A biodiversidade transformada em mercadoria
Quinze grandes empresas, 13 delas norte-americanas, controlam as pesquisas em biotecnologia agrícola. O mercado genético promete lucros de 110 bilhões de dólares dentro de cinco anos. O patenteamento de seres vivos parece ser o “ouro verde” do século 21. Um patrimônio natural e cultural formado por milhões de anos de evolução biológica e práticas agrícolas milenares é submetido a uma gestão agressiva em relação à biosferaJean-Paul Marechal
O empobrecimento da biodiversidade constitui um dos aspectos mais preocupantes da crise ecológica mundial.
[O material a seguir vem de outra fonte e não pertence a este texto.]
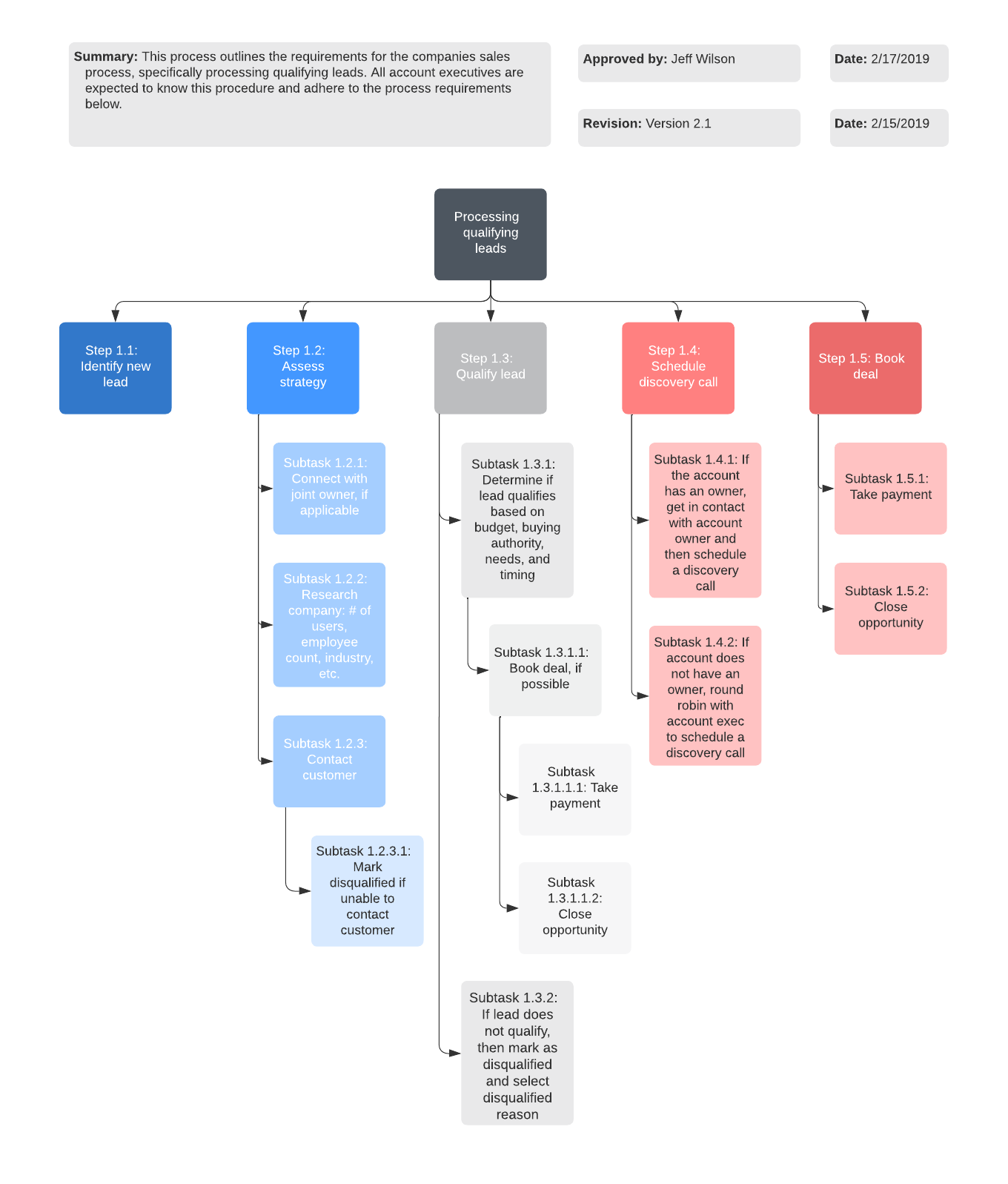 Procedure diagram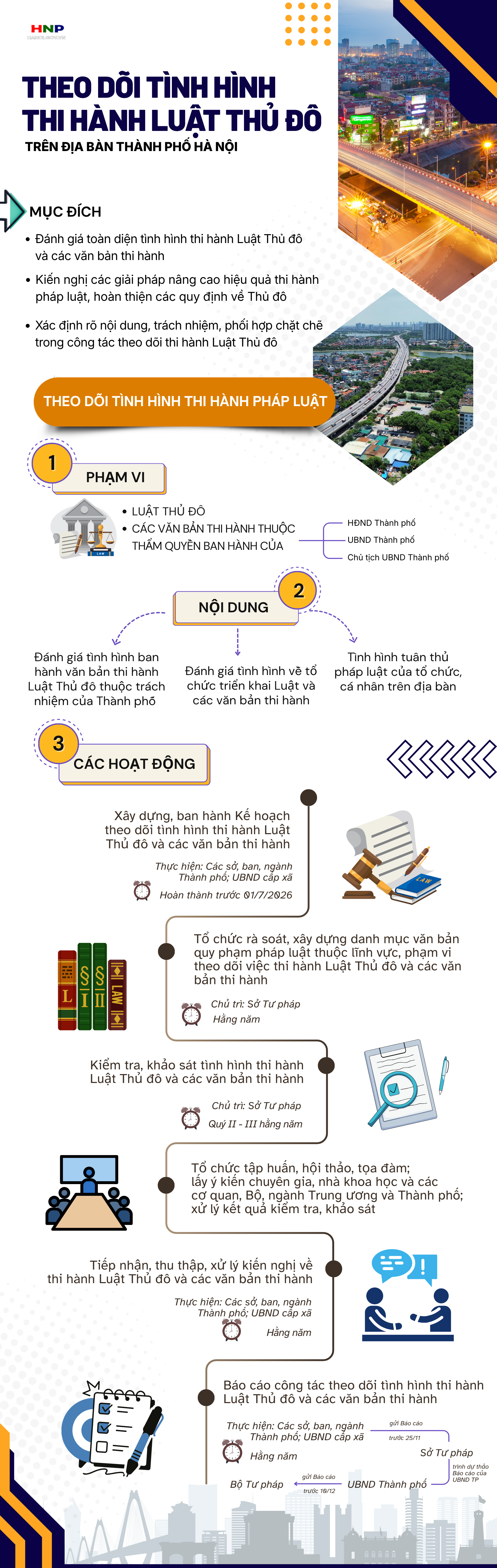 Theo dõi tình hình thi hành Luật Thủ đô trên địa bàn Thành phố- Ảnh 1.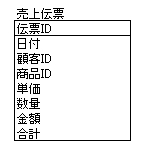 f:id:slowalpaca:20140727221120j:plain f:id:slowalpaca:20140727221120j:plain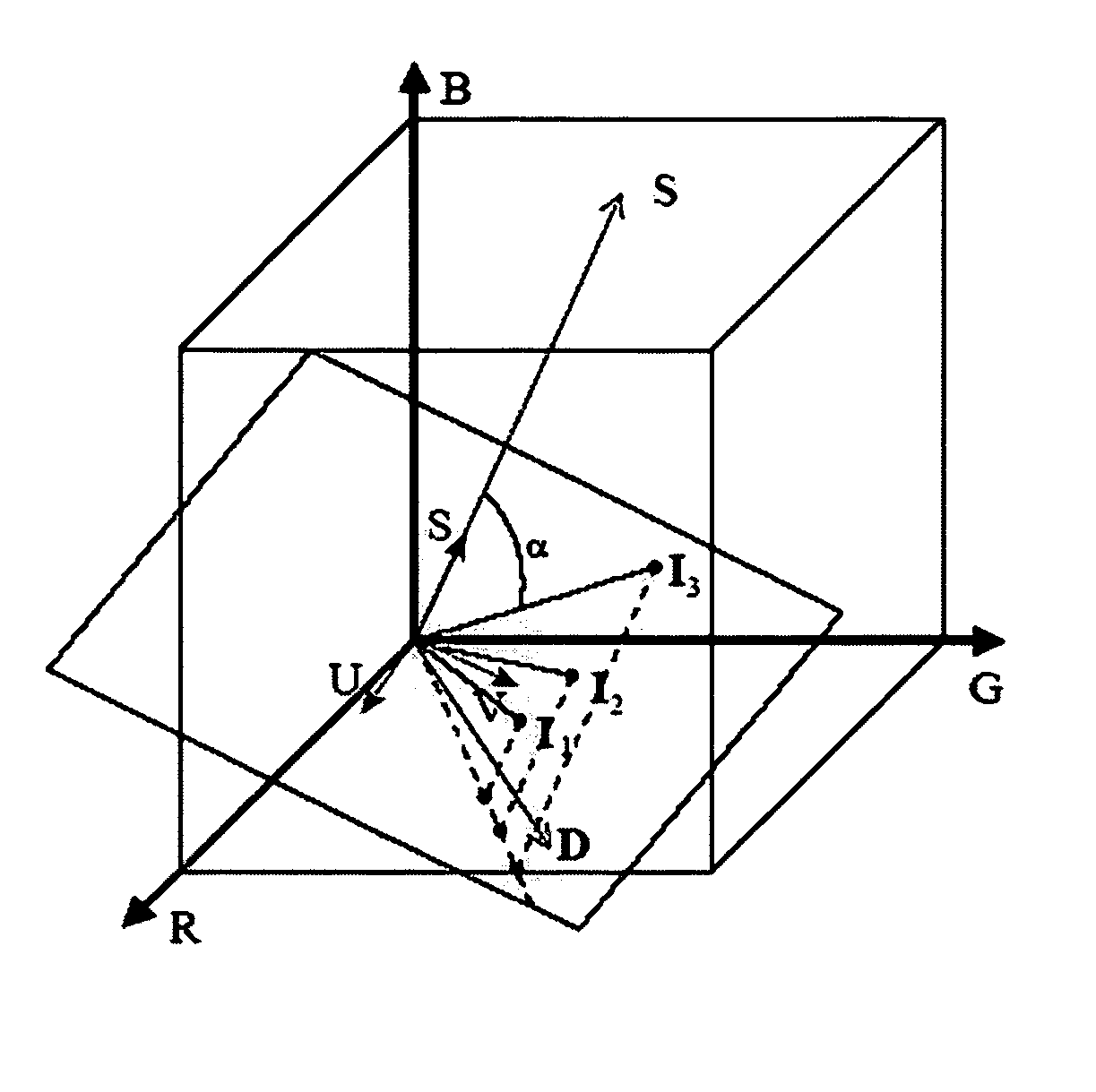 Methods for identifying, separating and editing reflection components in multi-channel images and videos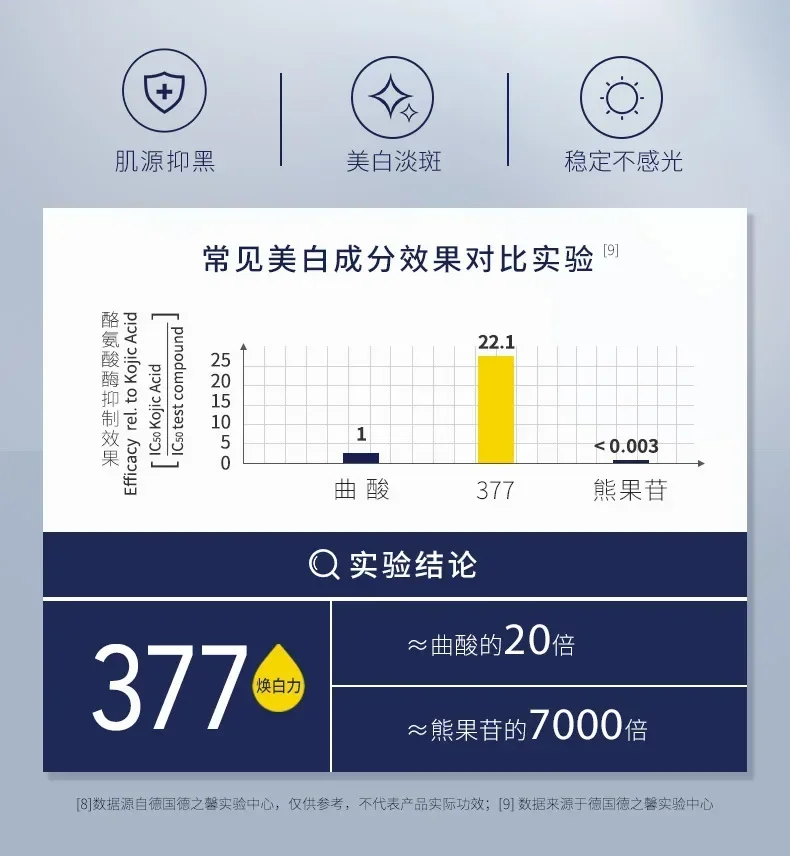 Genuine Original SKYNFUTURE 377 Whitening Light Spot Serum Refreshing Nicotinamide Brightening Light Spot Serum Moisturizing
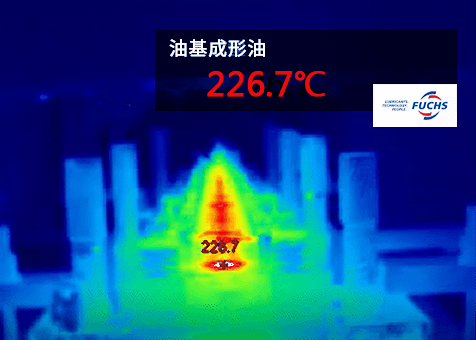 一个小改变,加工提效不止30%! 一个小改变,加工提效不止30%!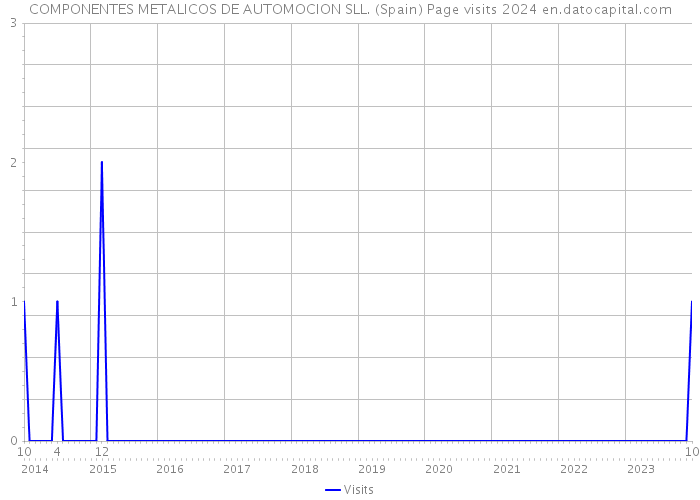 COMPONENTES METALICOS DE AUTOMOCION SLL. (Spain) Page visits 2024 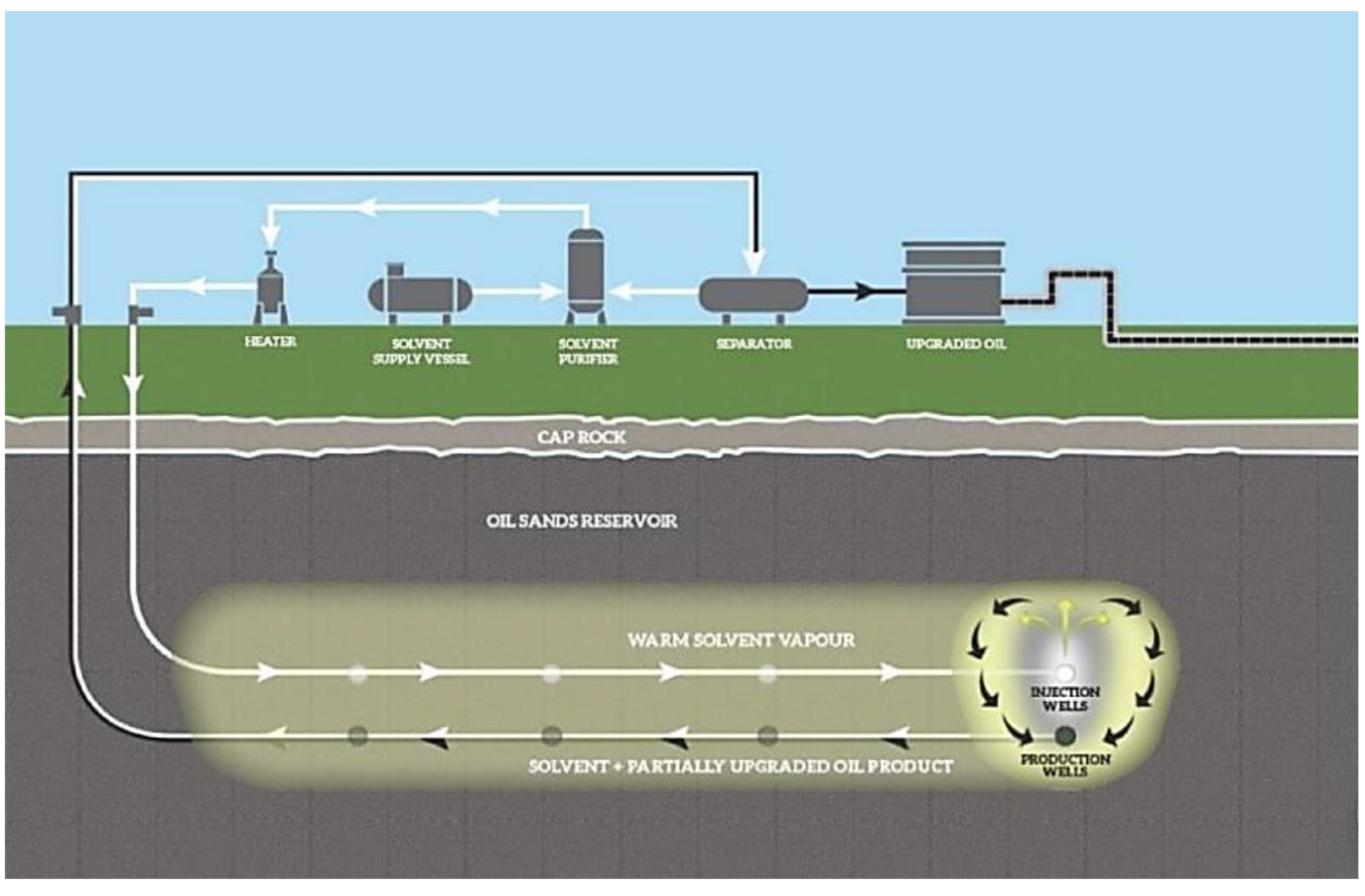 Energies 16 02219 g004
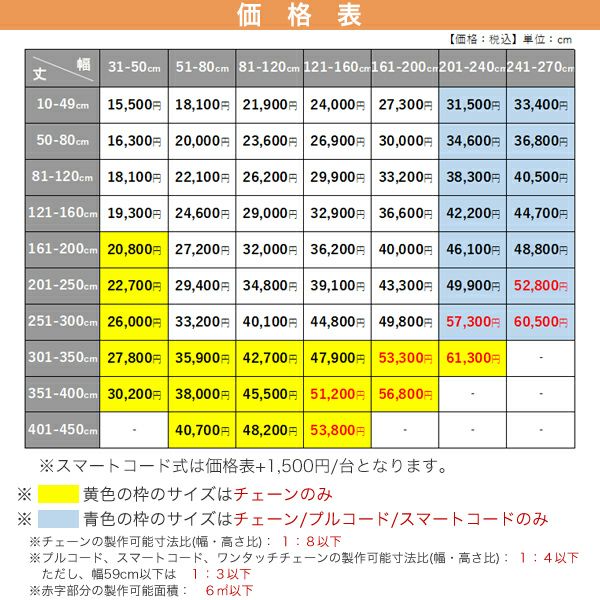 Nichibei ロールスクリーン/ラフィー遮光（ウォッシャブル）の価格表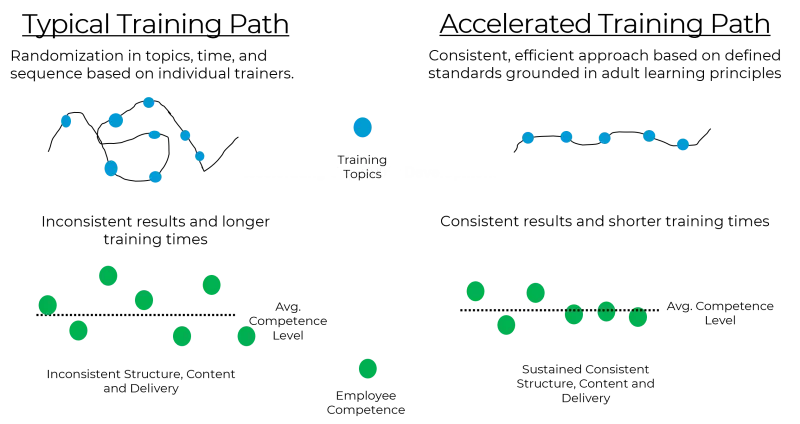 ACT Training Path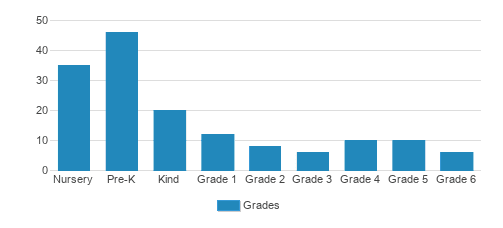 Cottonwood Montessori School Student By Grade Cottonwood Montessori School Student By Grade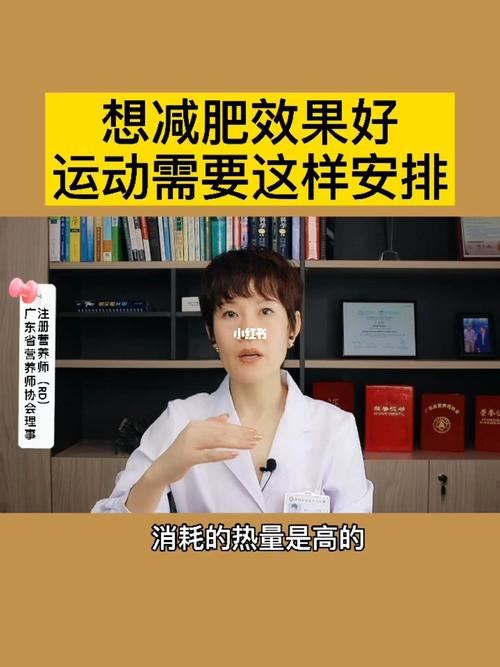 如何科学有效地减肥？(2)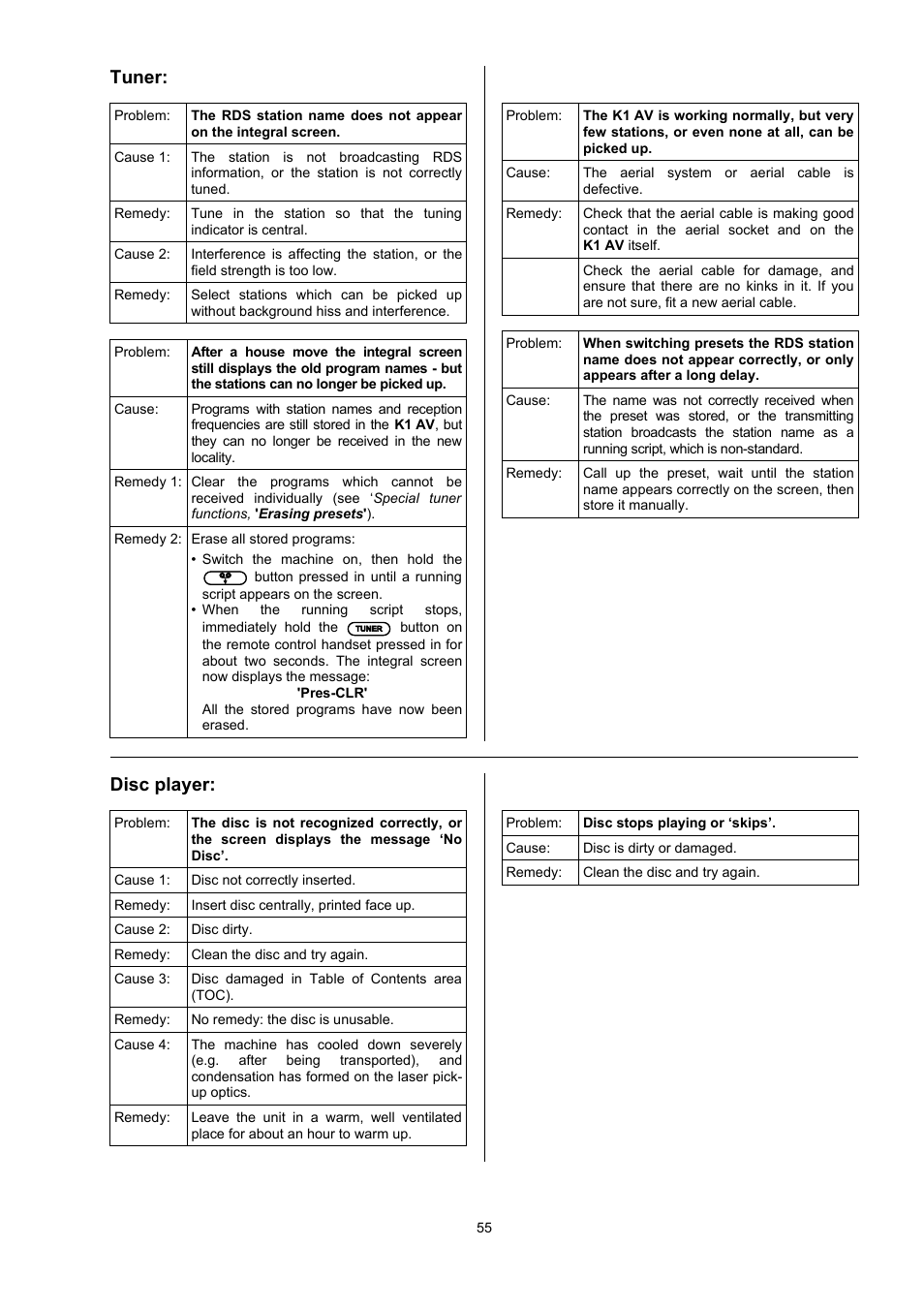 Tuner, Disc player | T+A Elektroakustik CD Player K1 AV User Manual | Page 55 / 59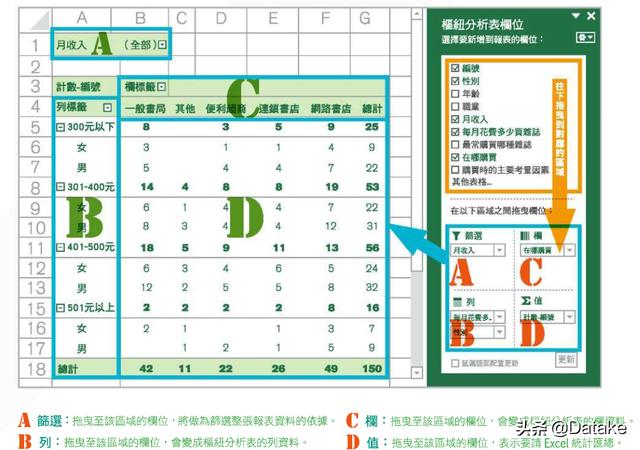 如何用excel做数据分析报表(9个一定用得到的Excel功能)(20)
Estima-se que entre 50 a 300 espécies vegetais e animais desaparecem todos os dias [1], enquanto a União Internacional para a Conservação da Natureza (UICN) afirma, na sua “lista vermelha” de 1997, que 11% dos pássaros, 20% dos répteis, 25% dos anfíbios, 25% dos mamíferos e 34% dos peixes estão atualmente em perigo, em todo o mundo.
Por mais impressionantes que sejam, tais números apenas refletem, de forma bastante imperfeita, o impacto qualitativo da degradação do ecossistema terrestre sob o efeito da extensão da esfera produtiva. É que o conceito de biodiversidade está longe de se reduzir a um simples indicador quantitativo.
Formulado por Walter G. Rosen em 1985, aplica-se ao conjunto constituído por três diversidades — genética (genes no seio de uma espécie), específica (espécies) e ecológica —, bem como às interações existentes entre estas três diversidades. Como sublinha Robert Barbault em Biodiversité (Paris: Hachette, 1997), tal noção extravasa o campo das ciências naturais para se abrir às do homem, que então se descobre predador, fator de enfraquecimento da biosfera e, ao mesmo tempo, contador da riqueza do mundo vivo que o rodeia.
Ora, além do seu empobrecimento em curso, o ecossistema deve fazer face à instalação, cada vez mais maciça, de um novo sistema tecno-econômico baseado no reforço mútuo de um mercado daqui em diante planetário e livre de qualquer entrave, e de um conjunto tecnológico no seio do qual interagem a informática, a robótica, as telecomunicações e as biotecnologias.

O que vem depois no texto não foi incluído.